Exercise directions: All lines from the one containing "Today I'll be" through the last line of the listing should be given again exactly, with no pictures.
• • • •
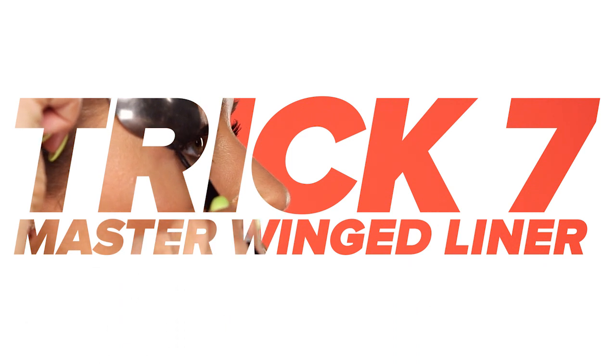Trick seven: master winged liner. If you're having trouble mastering the perfect cat eye, use a spoon as a stencil.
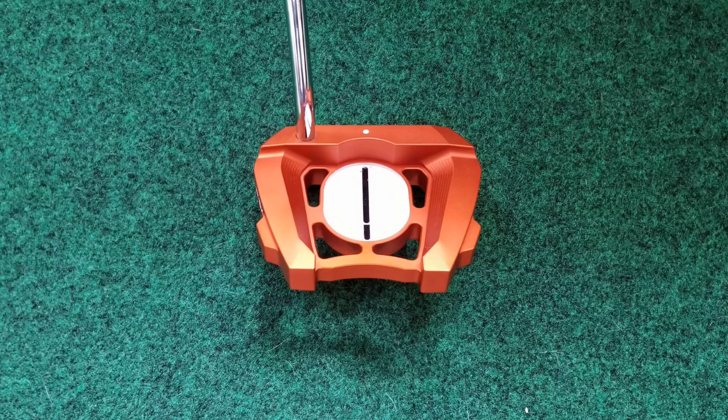Hey golfers, it's Dave from Fitzhugh Golf. Today I'm going to do a review of the Moment 11 putter, the latest offering from the Golf Works.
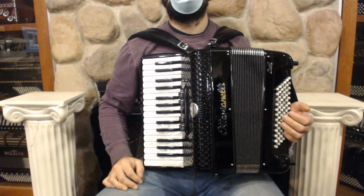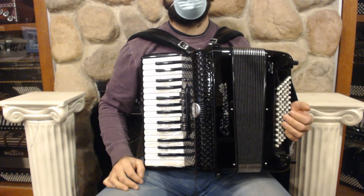Hello everybody, today I'm pleased to present you this beautiful brand new Watavinelli COP2P accordion.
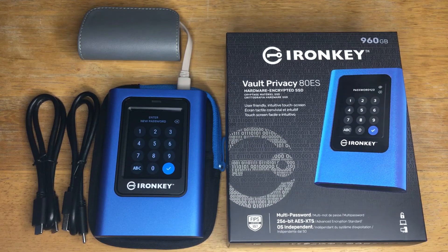256-bit AES XTS encryption — this is hardware encryption, not software and not cloud encryption. This is from Kingston, and it's the IronKey Vault Privacy, 960-gigabyte storage size.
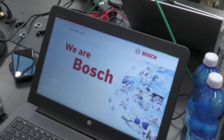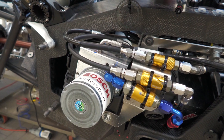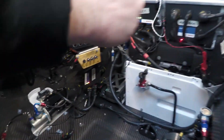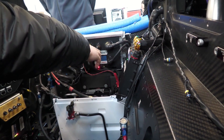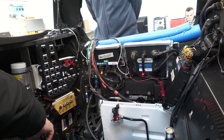Bosch did the systems engineering on the hybrid system here — the overall HP system — as well as supplying the components: the VCU, the MS 7.8, the logging interfaces, and some actuators and sensors. I'm explaining the location of the Bosch devices inside the car, close to the driver, separated by a bulkhead. All of the flashing black cases are Bosch devices: the motor control unit, power box, the hybrid control unit, and also the external data logger.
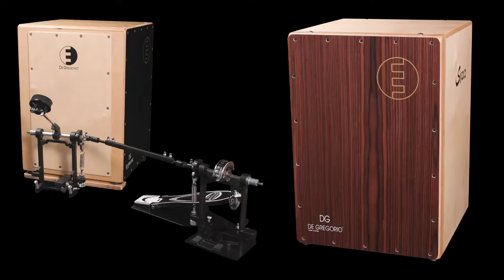Today I'll be talking about a very special percussion instrument made right here in the Barcelona area called the Sirocco Drumbox Cajón, and an accompanying foot pedal made by Cajón DG.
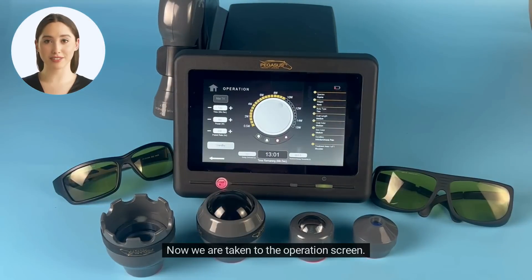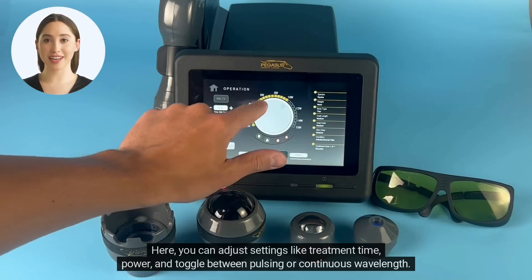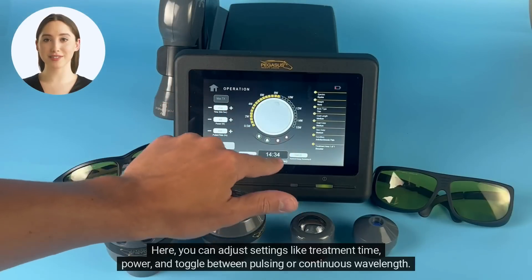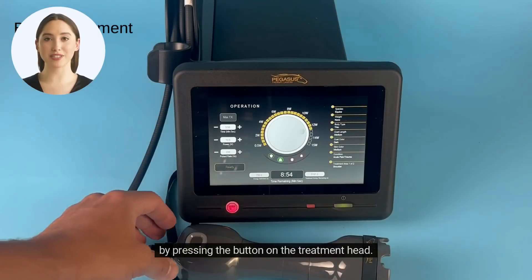Now we are taken to the operations screen. Here, you can adjust settings like treatment time, power, and toggle between pulsing or continuous wavelength. Once you've set your parameters, click the ready button on the screen, and you can begin treatment by pressing the button on the treatment head.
• • • •
The completed task:
Today I'll be talking about a very special percussion instrument made right here in the Barcelona area called the Sirocco Drumbox Cajón, and an accompanying foot pedal made by Cajón DG.
Now we are taken to the operations screen. Here, you can adjust settings like treatment time, power, and toggle between pulsing or continuous wavelength. Once you've set your parameters, click the ready button on the screen, and you can begin treatment by pressing the button on the treatment head.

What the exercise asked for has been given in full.